The tiny statue is typical of Collins’ office decoration. Among the family photos and community club certificates, she has adorned her walls with photos of former President George W. Bush and Scott Stantis’ editorial cartoons (even the less flattering ones). A large white elephant lamp sits on a table behind her desk. She keeps a biography of Margaret Thatcher on her bookshelf. Her mementos and trinkets have mythologized her ideology.She was once the queen of the Jefferson County GOP, but now she’s fleeing her courthouse castle. The pitchforks-and-torches crowd is storming the gate. Last week, Collins announced she would not be running for reelection. After more than 30 years in politics, Collins is bowing out before voters can put her head in a basket.
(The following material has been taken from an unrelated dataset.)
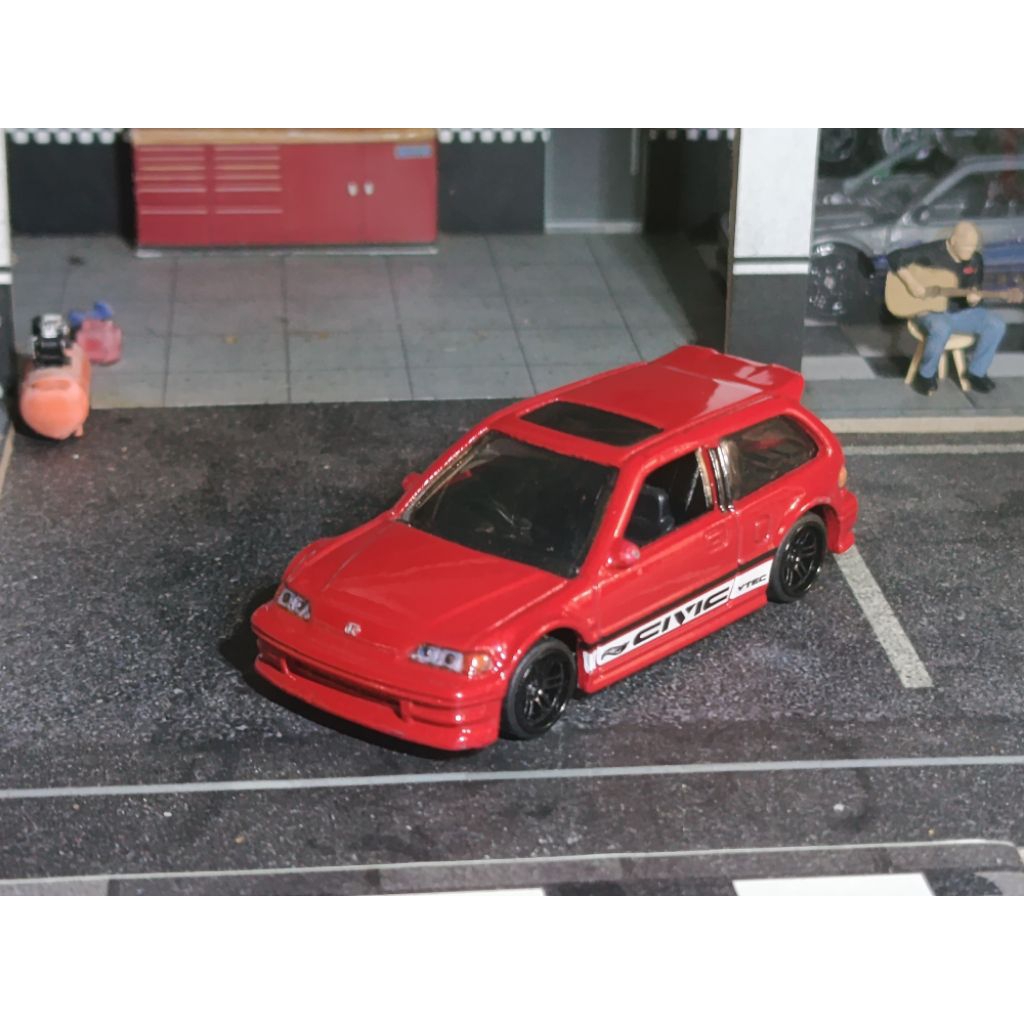 hotwheels honda civic ef red custom ban karet bnds
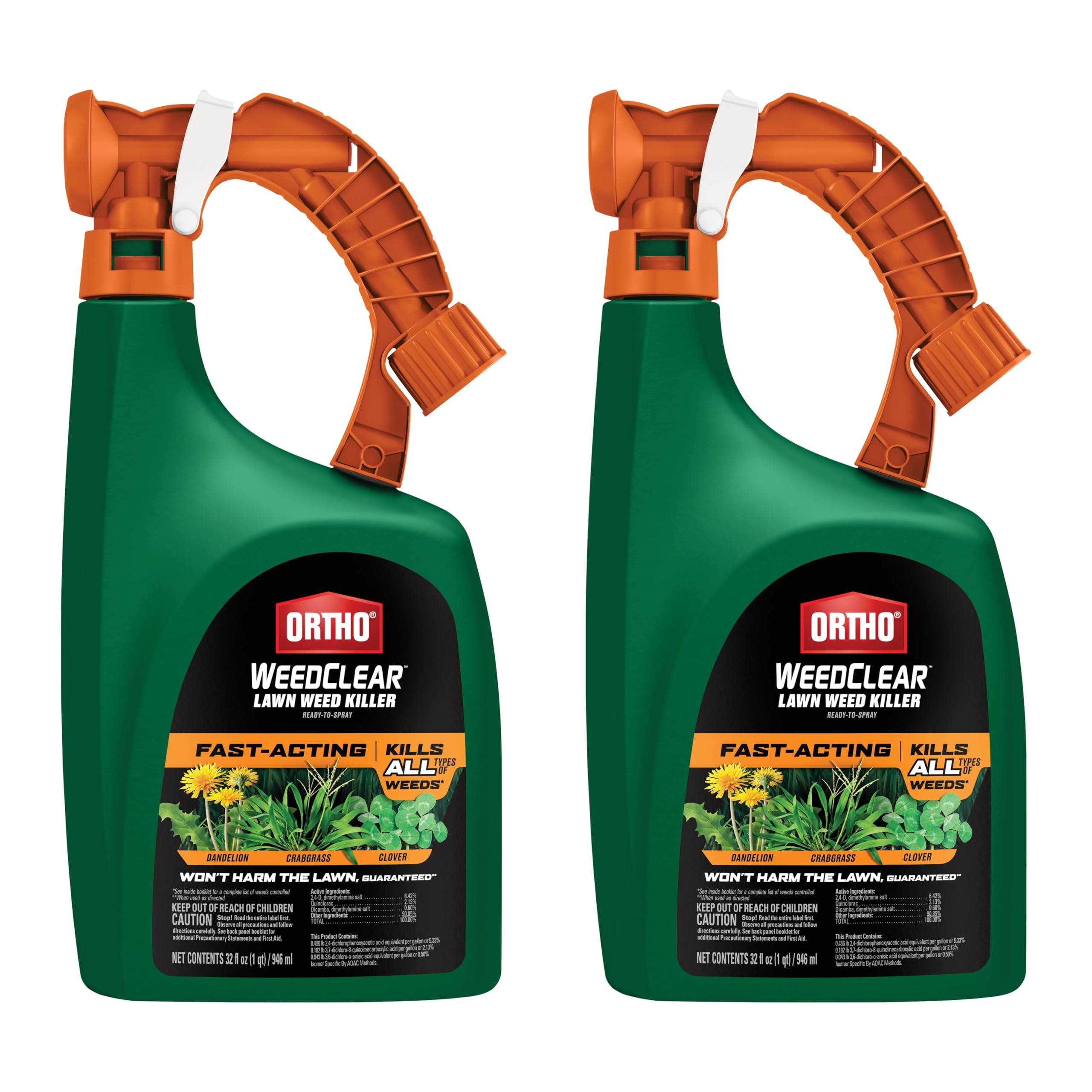 Ortho WeedClear bottle label close-up for effective lawn weed control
Perhaps this is one of those cases of “be careful what you wish for.” For years, Collins sat on the sidelines at Jefferson County, marginalized by a commission majority that was leading the county toward disaster. Then-Commission President Larry Langford had four votes — Shelia Smoot, Gary White, Mary Buckelew and his own. Week after week, Collins was frequently the loan dissenter, abandoned by her Republican-in-name-only colleagues.
When Buckelew, White and Langford were being wined, dined and bribed by bond bankers on trips to New York, Collins remained behind to blast their spending of taxpayer money on suites at The Plaza Hotel.
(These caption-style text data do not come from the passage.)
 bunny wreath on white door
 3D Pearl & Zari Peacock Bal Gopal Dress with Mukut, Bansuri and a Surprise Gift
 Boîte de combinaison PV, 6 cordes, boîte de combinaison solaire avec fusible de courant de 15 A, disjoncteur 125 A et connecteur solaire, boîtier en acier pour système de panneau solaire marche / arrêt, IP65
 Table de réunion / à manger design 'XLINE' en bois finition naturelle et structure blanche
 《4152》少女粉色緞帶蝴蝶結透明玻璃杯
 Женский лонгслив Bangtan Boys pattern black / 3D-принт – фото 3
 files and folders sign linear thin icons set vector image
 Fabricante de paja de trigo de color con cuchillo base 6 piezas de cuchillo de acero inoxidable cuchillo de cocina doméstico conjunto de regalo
The other commissioners wouldn’t let Collins play their reindeer games. Commissioners, county officials and bond bankers, invented schemes to hide their machinations from her. Testimony at the Langford trial revealed why — they knew she’d leak everything to the press.
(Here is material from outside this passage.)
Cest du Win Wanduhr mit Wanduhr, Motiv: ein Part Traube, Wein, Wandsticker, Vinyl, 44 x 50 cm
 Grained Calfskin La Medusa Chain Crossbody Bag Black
A few years later, Collins would say, “There are benefits to being left out of the loop.”
It should be noted, though, that while Collins was a vocal critic of the county’s debt dealings, she voted for most bond deals and interest rate swaps.
If you read through the Internet message boards or listen to talk radio, you’ll hear that pitchforks crowd calling for Collins’ indictment, but there’s only one instance I’ve ever seen that warranted that kind of scrutiny.
During the corruption trial of former Commissioner John Katopodis, Collins admitted she accepted $10,000 from one of Katopodis’ county-funded charities. The money was for consulting and promotional work she did on an high-speed rail project, she said, although the work she actually performed looked all but identical to her work as a commissioner.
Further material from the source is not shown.